> **TO DO**:
Could you restate word for word only the lines below from the one holding "A giant screen" to the one holding "Scenic nature of", inclusive, and leave out the pictures?

(Extracted records)
++++++++++

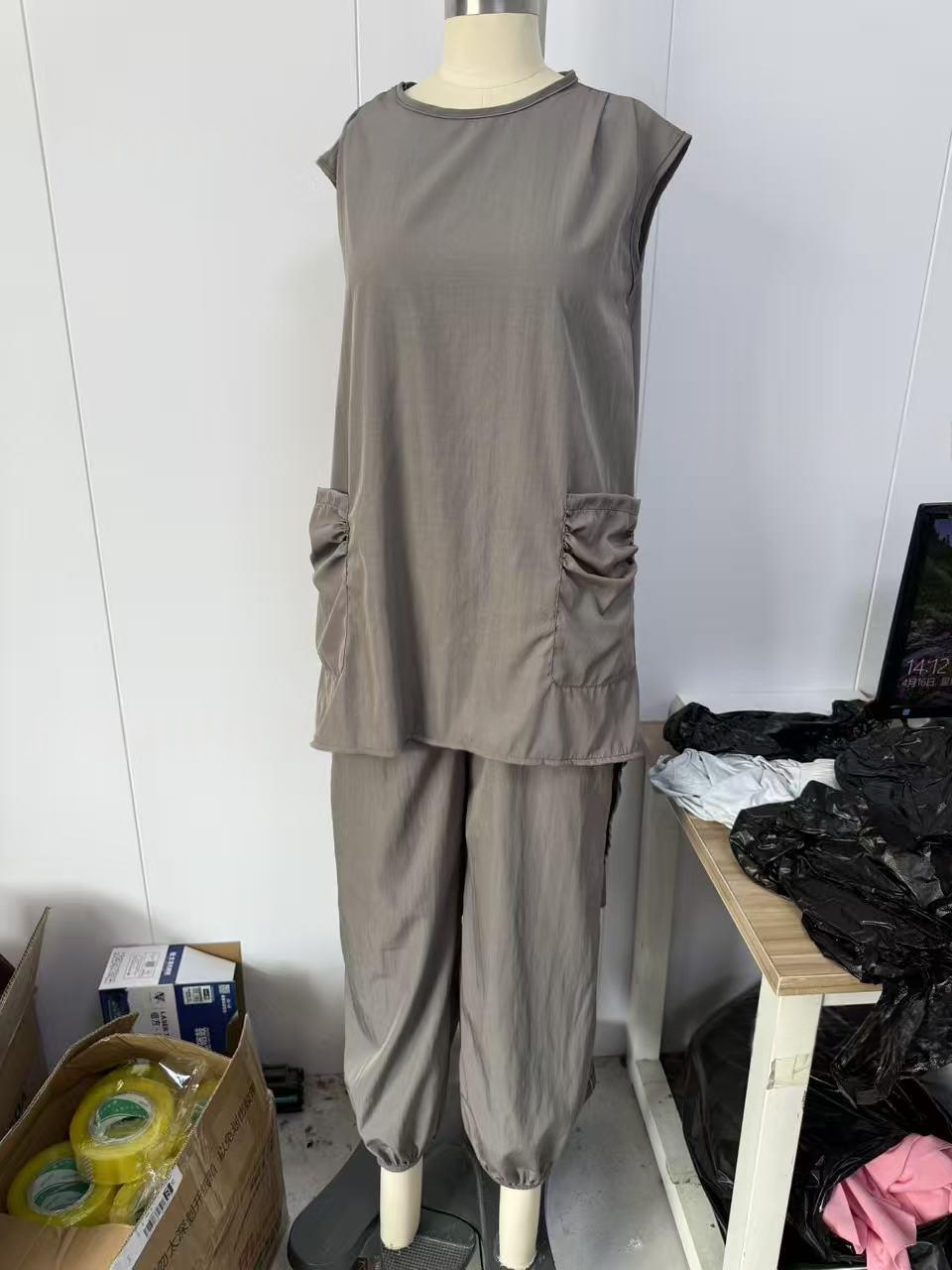 Chic casual resort set, model wearing detail shot showing top and pants co-ord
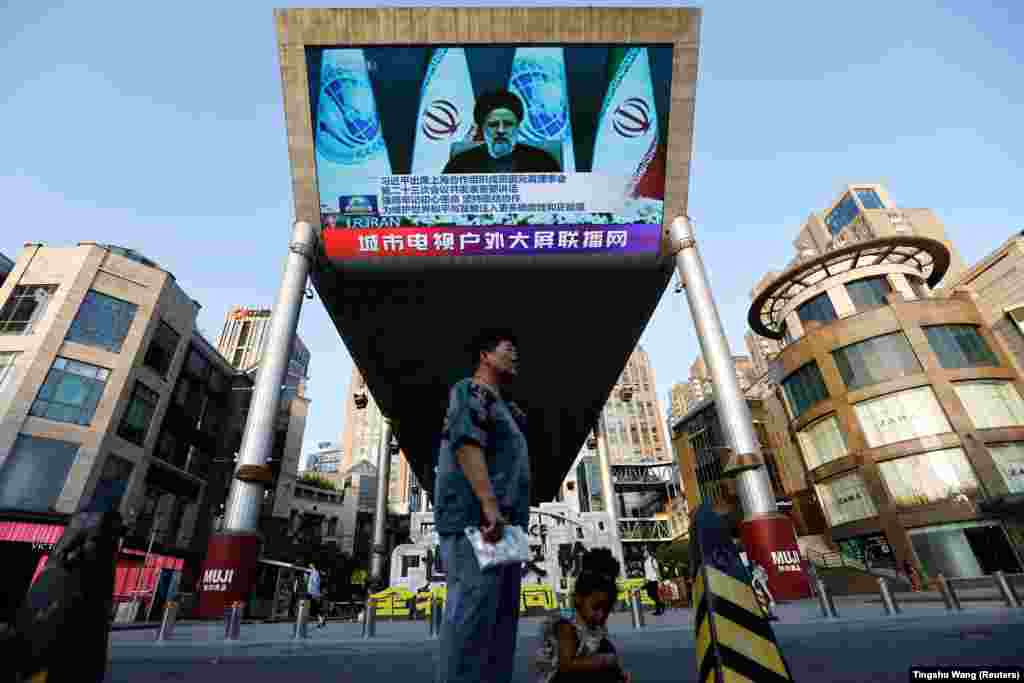 A giant screen broadcasts news footage of Iranian President Ebrahim Raisi attending via video link a meeting of the Shanghai Cooperation Organization n Beijing.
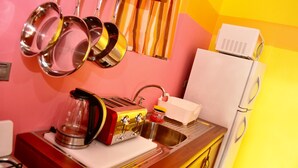 Una cocina con estufa a gas, tostadora, lavamanos y refrigerador.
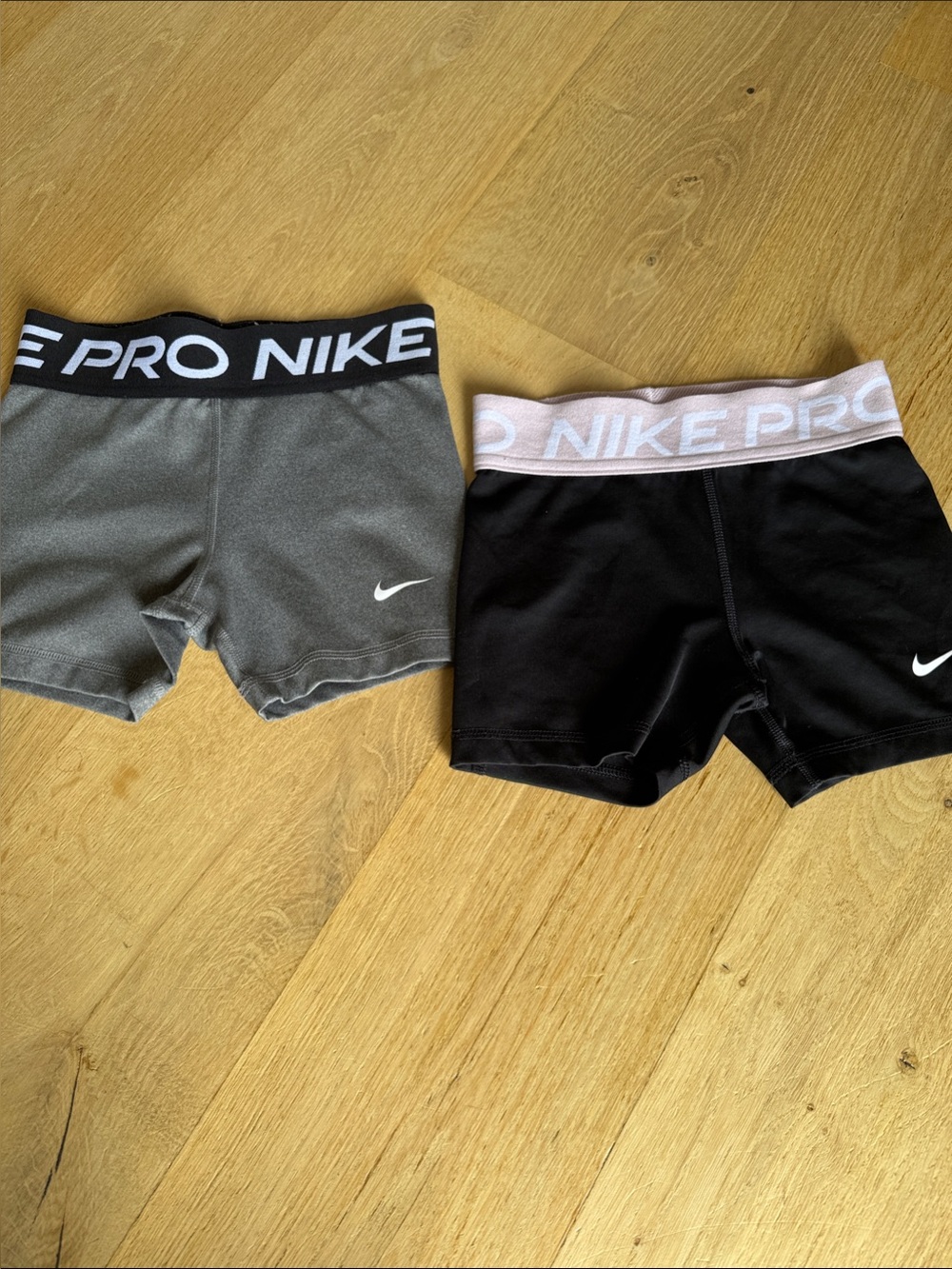 Gray and black Nike pros with pink and black waist band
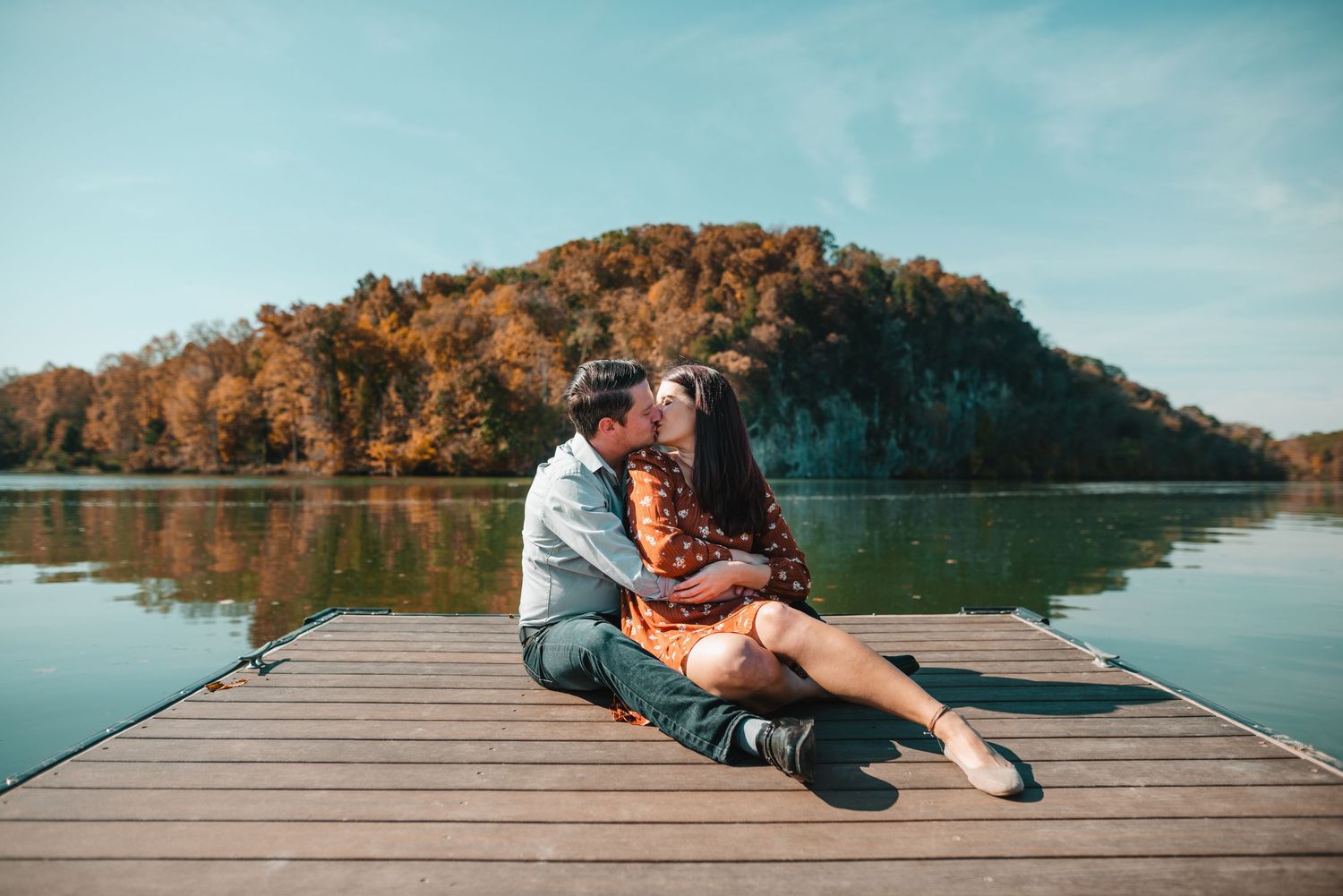 A couple sits intimately on a wooden dock with a scenic autumn lake view. Knoxville Couple Photographer. Melton Hills Park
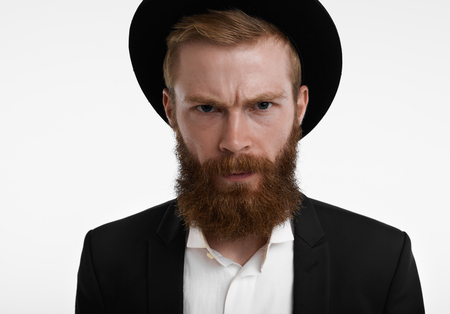 Headshot of grumpy young European hipster with fuzzy ginger beard frowning, having unhappy or angry expression on his face, feeling displeased and dissatisfied with something, wearing hat and suitの写真素材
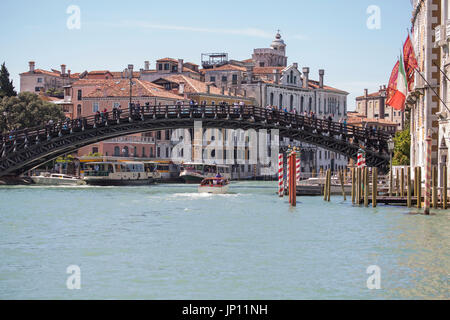 Venice, Italy - April 26, 2012: The Accademia bridge over the Grand Canal in Venice. Two vaporettos and some water taxis are on the Grand Canal.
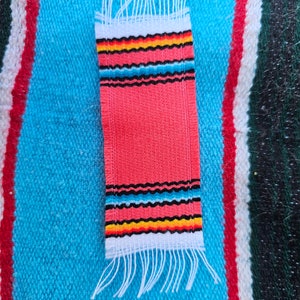 May include: A small, pink woven rug with white, black, yellow, and blue stripes. The rug has fringe on both ends.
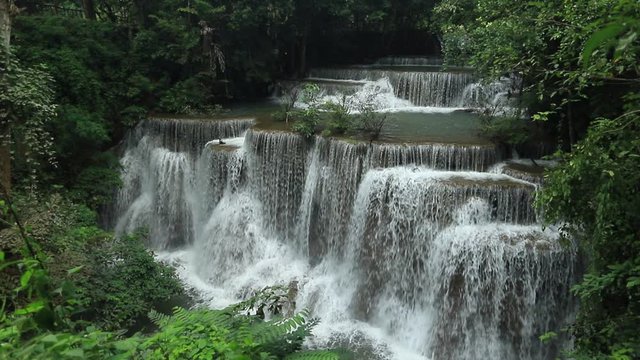 Scenic nature of beautiful Huai Mae Khamin waterfall and emerald pool of fresh water lake in wild jungle forest environment in Thailand. Travel and adventure landscape of amazing asia.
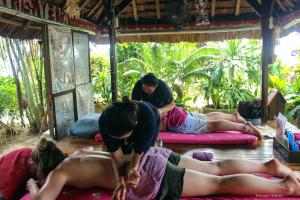 a group of women laying on mats in a room at Phi Phi Relax Beach Resort in Phi Phi Islands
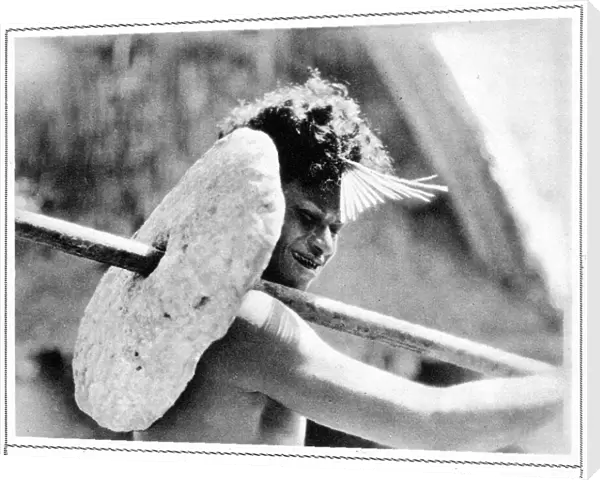 Native of Yap carrying stone money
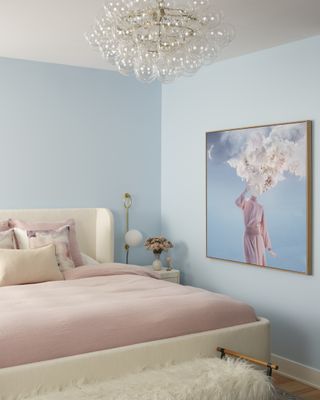 A bedroom with light blue walls and pink bedding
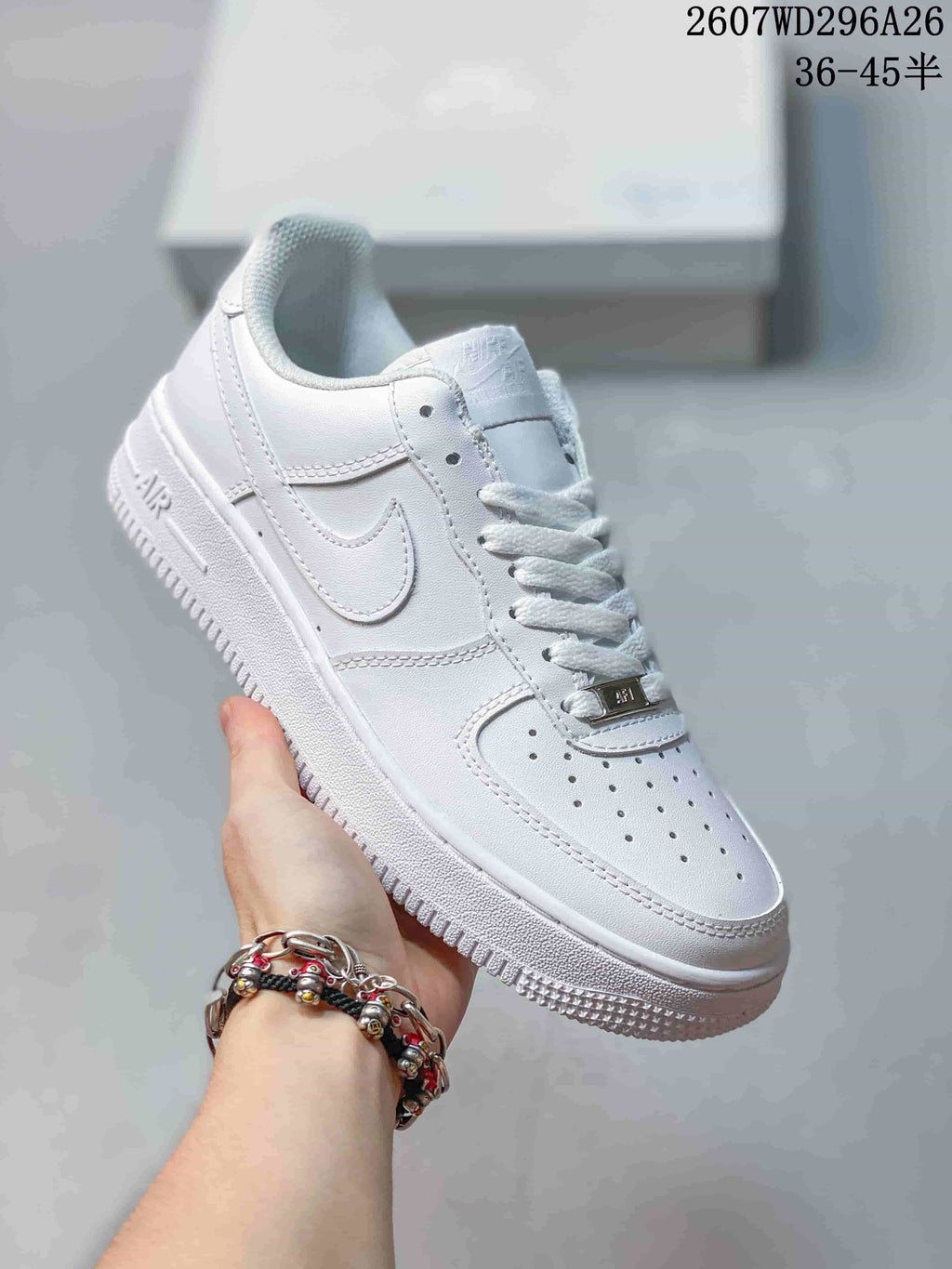 Close-up side view of a white low-top sneaker showing the swoosh, perforated toe, lace-up front and textured outsole.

++++++++++

> **RESULT OF THIS EXERCISE**:
 A giant screen broadcasts news footage of Iranian President Ebrahim Raisi attending via video link a meeting of the Shanghai Cooperation Organization n Beijing.
 Una cocina con estufa a gas, tostadora, lavamanos y refrigerador.
 Gray and black Nike pros with pink and black waist band
 A couple sits intimately on a wooden dock with a scenic autumn lake view. Knoxville Couple Photographer. Melton Hills Park
 Headshot of grumpy young European hipster with fuzzy ginger beard frowning, having unhappy or angry expression on his face, feeling displeased and dissatisfied with something, wearing hat and suitの写真素材
 Venice, Italy - April 26, 2012: The Accademia bridge over the Grand Canal in Venice. Two vaporettos and some water taxis are on the Grand Canal.
 May include: A small, pink woven rug with white, black, yellow, and blue stripes. The rug has fringe on both ends.
 Scenic nature of beautiful Huai Mae Khamin waterfall and emerald pool of fresh water lake in wild jungle forest environment in Thailand. Travel and adventure landscape of amazing asia.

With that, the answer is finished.